After becoming the first state in the nation last year to allow voting by iPad for the disabled, Oregon is expanding the program this year in size and scope, adding support for overseas military voters as well as support for Windows and Android tablets.
People can use tablets owned by the Oregon Secretary of State's office. The office has 60 iPads, and officials plan to purchase Android and Windows tablets for each county before Election Day. The state uses device-agnostic voting software that can run on any operating system, writes Wylie Wong in StateTech. The state had said last year that it would expand the program statewide if the pilots proved successful. The state also expects to allow the disabled to vote from their home PCs.
In addition, the state is also giving military and overseas voters the option of returning their ballots electronically. Their county clerk will e-mail voters a secure link to a website where they can view, mark and print their ballots. If they wish, they can scan the printed ballot and return it via e-mail, Wong writes.
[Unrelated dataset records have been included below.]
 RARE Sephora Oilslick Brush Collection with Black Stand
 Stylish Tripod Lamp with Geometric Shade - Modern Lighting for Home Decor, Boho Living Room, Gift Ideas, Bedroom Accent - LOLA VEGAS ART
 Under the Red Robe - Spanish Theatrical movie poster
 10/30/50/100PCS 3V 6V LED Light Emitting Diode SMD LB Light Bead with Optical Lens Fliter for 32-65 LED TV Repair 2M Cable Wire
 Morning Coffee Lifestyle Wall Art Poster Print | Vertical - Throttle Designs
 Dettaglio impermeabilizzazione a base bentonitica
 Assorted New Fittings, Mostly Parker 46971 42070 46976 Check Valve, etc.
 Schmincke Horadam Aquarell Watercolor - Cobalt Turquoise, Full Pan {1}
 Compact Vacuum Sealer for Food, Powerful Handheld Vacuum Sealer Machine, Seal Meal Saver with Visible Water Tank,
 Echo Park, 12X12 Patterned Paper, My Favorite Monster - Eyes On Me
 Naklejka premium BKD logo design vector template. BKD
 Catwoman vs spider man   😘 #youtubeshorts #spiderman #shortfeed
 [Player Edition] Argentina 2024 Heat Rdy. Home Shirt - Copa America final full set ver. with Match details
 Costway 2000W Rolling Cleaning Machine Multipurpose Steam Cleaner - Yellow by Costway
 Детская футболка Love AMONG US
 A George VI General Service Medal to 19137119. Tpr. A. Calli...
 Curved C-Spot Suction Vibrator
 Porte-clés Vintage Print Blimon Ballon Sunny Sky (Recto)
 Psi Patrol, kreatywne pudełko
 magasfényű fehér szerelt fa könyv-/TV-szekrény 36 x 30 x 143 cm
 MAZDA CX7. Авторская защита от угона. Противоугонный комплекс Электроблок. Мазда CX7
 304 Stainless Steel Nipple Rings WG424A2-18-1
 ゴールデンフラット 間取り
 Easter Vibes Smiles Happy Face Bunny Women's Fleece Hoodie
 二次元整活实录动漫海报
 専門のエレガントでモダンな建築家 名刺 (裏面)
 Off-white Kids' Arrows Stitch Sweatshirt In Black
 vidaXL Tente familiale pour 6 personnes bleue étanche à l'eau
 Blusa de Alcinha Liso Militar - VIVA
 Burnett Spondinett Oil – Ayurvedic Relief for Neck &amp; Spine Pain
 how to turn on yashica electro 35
Oregon has a history of being innovative in its voting solutions; it was the first state to make all elections vote-by-mail, and also uses an online voter registration system.
While it has not yet supported voting by iPad, California has also set up an online voter registration system this year. Eleven other states support online voter registration, including Indiana, Kansas, Maryland, and Utah, while four more states -- Connecticut, Delaware, Hawaii and South Carolina -- have passed laws to allow it but have not yet implemented it, according to the National Council of State Legislatures.